While supercomputers are thought to help accelerate engineering and scientific discovery, a new study sponsored by Interactive Supercomputing suggests difficulties in programming is increasingly becoming one of researchers’ biggest productivity killers.
The Development of Custom Parallel Computing Applications study conducted by the Simon Management Group surveyed more than 500 users of parallel high-performance computers (HPCs) from a range of industries including education, government, aerospace, healthcare, manufacturing, geo-sciences, bio-sciences and semiconductor. The report examines the software tools currently used, probes current application development environments, practices, and limitations, and catalogues critical issues and bottlenecks.
The study indicates that parallel code writing, programming efficiency, translation, debugging and limits of HPC software are the most frequently cited bottlenecks across all industries. Respondents indicated there is an urgent need to shorten the application development time of custom algorithms and models.

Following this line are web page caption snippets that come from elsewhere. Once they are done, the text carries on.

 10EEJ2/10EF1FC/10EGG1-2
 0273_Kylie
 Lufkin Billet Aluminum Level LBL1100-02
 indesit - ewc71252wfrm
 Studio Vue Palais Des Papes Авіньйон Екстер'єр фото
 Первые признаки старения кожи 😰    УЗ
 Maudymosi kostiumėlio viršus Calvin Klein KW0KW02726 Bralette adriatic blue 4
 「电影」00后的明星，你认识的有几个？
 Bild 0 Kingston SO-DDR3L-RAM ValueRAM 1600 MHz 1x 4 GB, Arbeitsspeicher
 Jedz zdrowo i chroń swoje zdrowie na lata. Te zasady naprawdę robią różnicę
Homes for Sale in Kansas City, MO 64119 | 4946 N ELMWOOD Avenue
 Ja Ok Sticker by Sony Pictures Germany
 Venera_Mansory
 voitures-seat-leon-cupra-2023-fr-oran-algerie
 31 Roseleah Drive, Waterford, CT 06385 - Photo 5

The largest category of respondents (42.3 per cent) said that a typical project takes six months to complete, yet nearly 20 percent of respondents’ projects consume two to three years of their time.

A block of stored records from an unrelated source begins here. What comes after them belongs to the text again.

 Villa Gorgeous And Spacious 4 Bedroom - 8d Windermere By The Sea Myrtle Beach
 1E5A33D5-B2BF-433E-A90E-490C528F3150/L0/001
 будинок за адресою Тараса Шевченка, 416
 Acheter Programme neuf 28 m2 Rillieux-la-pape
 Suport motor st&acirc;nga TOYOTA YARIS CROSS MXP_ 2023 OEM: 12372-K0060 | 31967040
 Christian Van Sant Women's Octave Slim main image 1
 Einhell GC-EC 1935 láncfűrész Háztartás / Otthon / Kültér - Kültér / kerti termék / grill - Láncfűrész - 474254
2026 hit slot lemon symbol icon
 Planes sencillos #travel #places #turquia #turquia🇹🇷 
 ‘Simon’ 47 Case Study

The majority of parallel application prototypes (65 per cent) are developed in very high-level languages (VHLLs) such as Matlab, Mathematica, Python, and R. While C and Fortran are frequently used to prototype, respondents overwhelmingly said they would prefer to work with an interactive desktop tool if the prototype could be easily bridged to work with HPC servers.

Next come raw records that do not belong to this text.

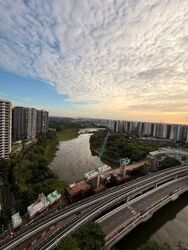 Blk 417A Fernvale Riverwalk (Sengkang), HDB 4 Rooms #591871301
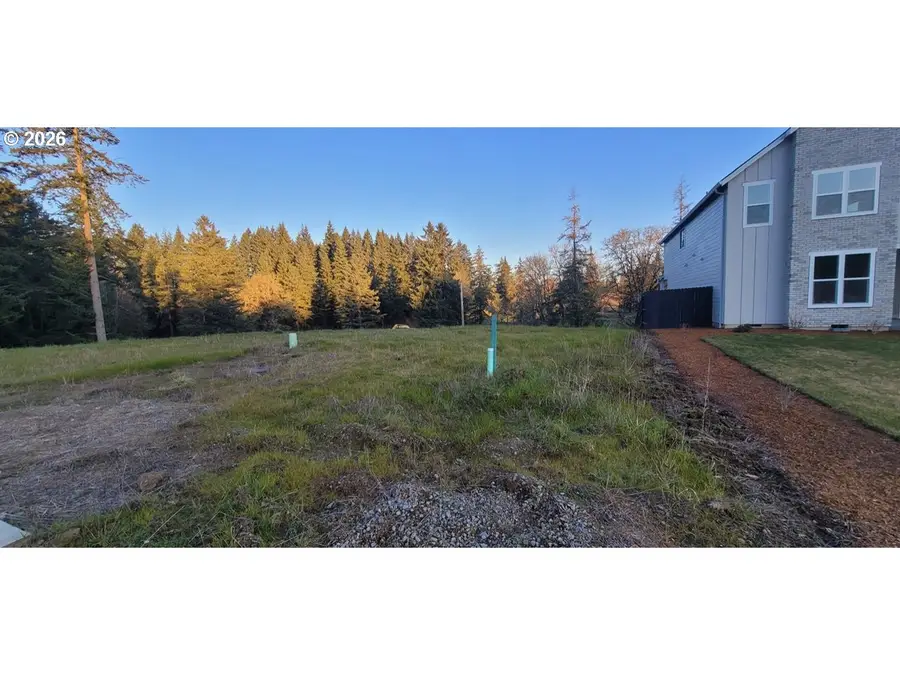 3516 N 12th Cir, Ridgefield, WA 98642 - Image #2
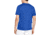 Under Armour UA Big Logo T-Shirt - Men's, 2XL, Blue, 13295834862X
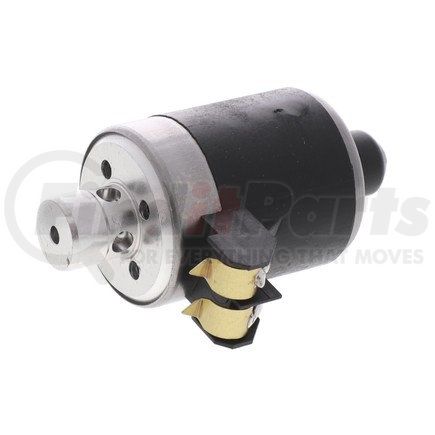 Vemo V30770040 Válvula de mando, transmisión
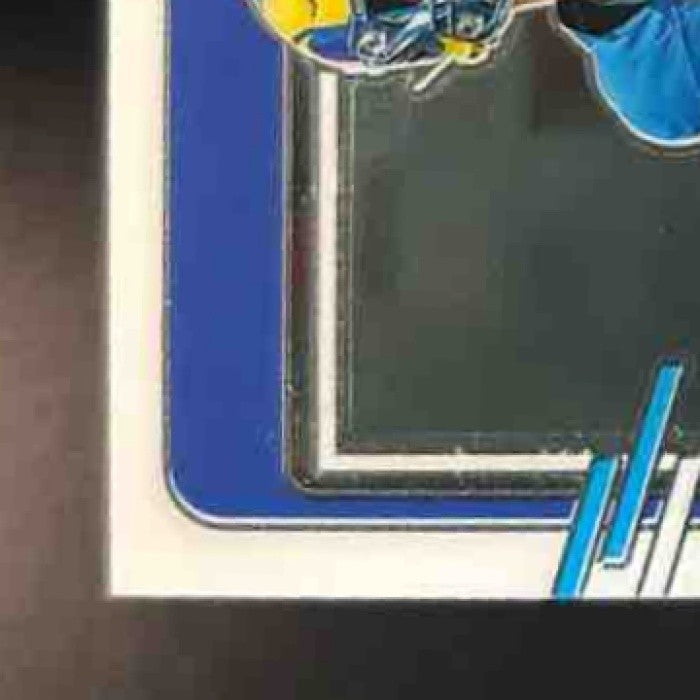 2023 Donruss Optic Stetson Bennett IV Auto /199 #267 RC Los Angeles Rams - Sports Cards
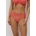 Ysabel Mora БИКИНА 10754 reef red ysabel mora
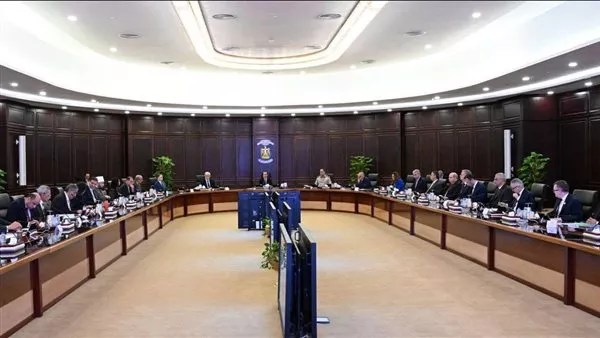تراجع معدل البطالة في مصر إلى 5.8% خلال الربع الثاني من 2026 تراجع معدل البطالة في مصر إلى 5.8% خلال الربع الثاني من 2026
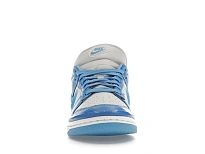 Фото № 2 с приближением к товару «‎Nike Dunk Low Twist»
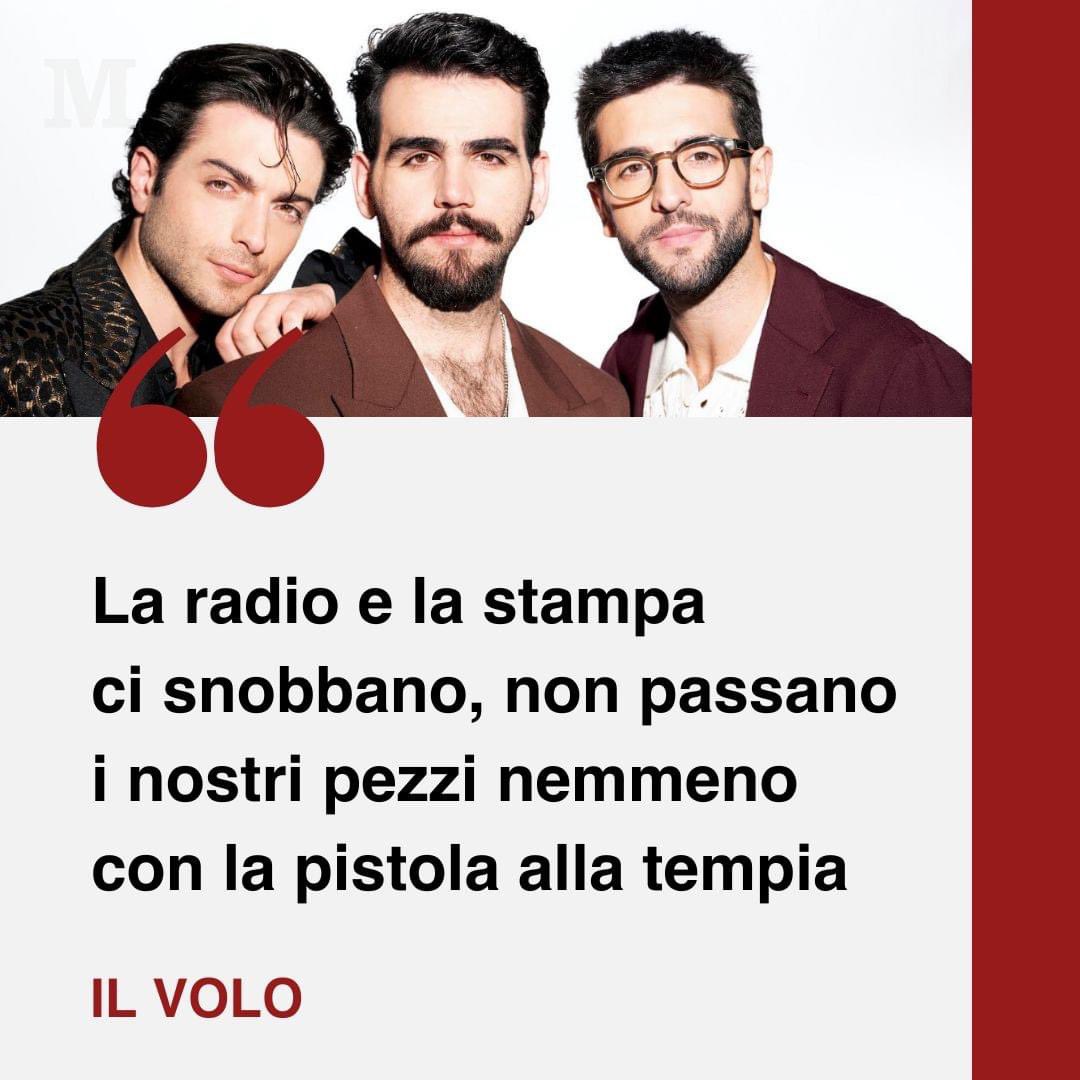 nonmuntoni's tweet photo. non passano i vostri pezzi perché sono tremendi scusate ma andava detto https://t.co/FqtZDcDdQG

The disconnect stems from the fact that desktop computers cannot handle the processing and memory requirements of the huge amounts of data that many scientific and engineering problems analyse. The problem is only getting worse; according to the study, the average median-sized data set used in a technical computing application today ranges from 10 to 45Gb and is expected to swell to 200 to 600Gb in just three years.
'This study demonstrates that programming tools have not kept pace with the advances in the computing hardware and affordability of high-performance computers,' said Peter Simon, president of Simon Management Group.